**TASK REQUIREMENTS**
Restate verbatim the span of lines below between the line with "Australian Terrier Animals Australian" and the line with "توله پاکوتاه پامر|سگ|لاهیجان, کوی", including those two lines, and only that span.

**RECORDS FOR THIS TASK**
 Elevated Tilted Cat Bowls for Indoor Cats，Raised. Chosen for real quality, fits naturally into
---
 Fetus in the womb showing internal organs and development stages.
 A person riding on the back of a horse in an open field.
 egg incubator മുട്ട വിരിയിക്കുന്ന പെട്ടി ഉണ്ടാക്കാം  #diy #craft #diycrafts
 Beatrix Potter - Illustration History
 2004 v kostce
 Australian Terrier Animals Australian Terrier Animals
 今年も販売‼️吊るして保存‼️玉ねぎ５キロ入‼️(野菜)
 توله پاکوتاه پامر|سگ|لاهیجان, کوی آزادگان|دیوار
...
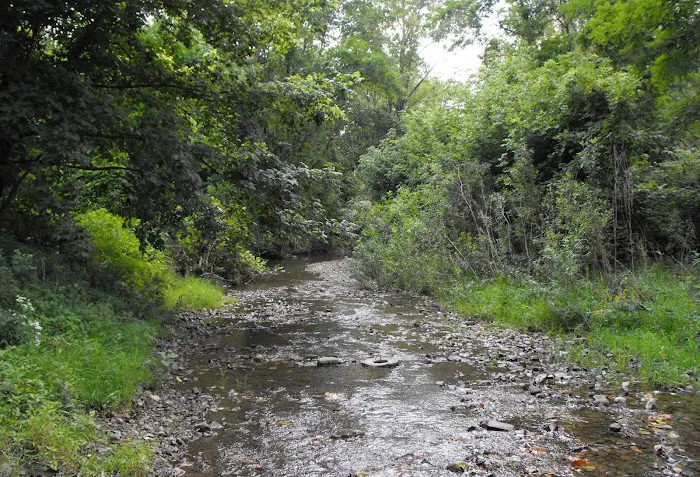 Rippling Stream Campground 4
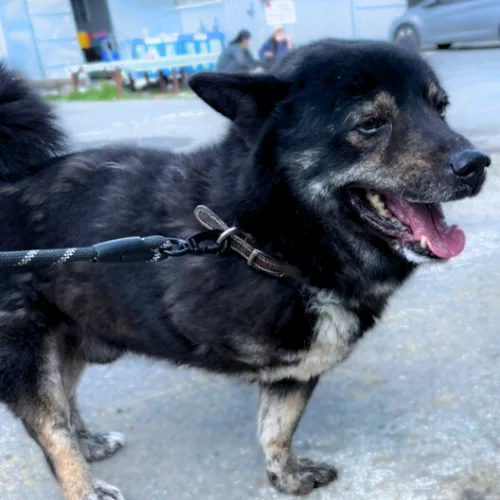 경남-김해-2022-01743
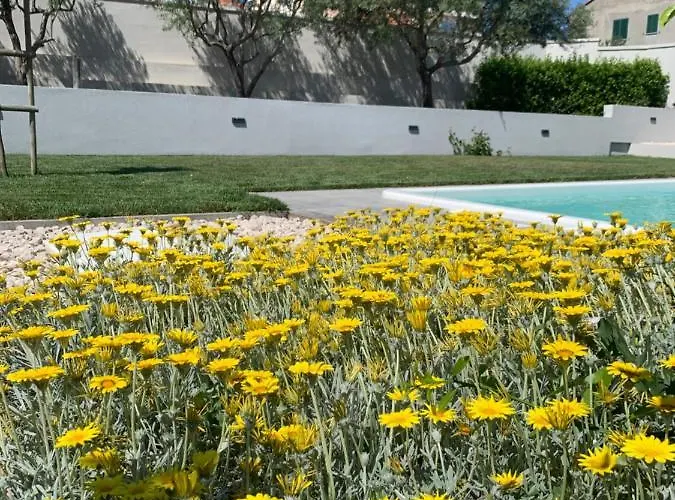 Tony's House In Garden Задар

**ANSWER SECTION**
 Australian Terrier Animals Australian Terrier Animals
 今年も販売‼️吊るして保存‼️玉ねぎ５キロ入‼️(野菜)
 توله پاکوتاه پامر|سگ|لاهیجان, کوی آزادگان|دیوار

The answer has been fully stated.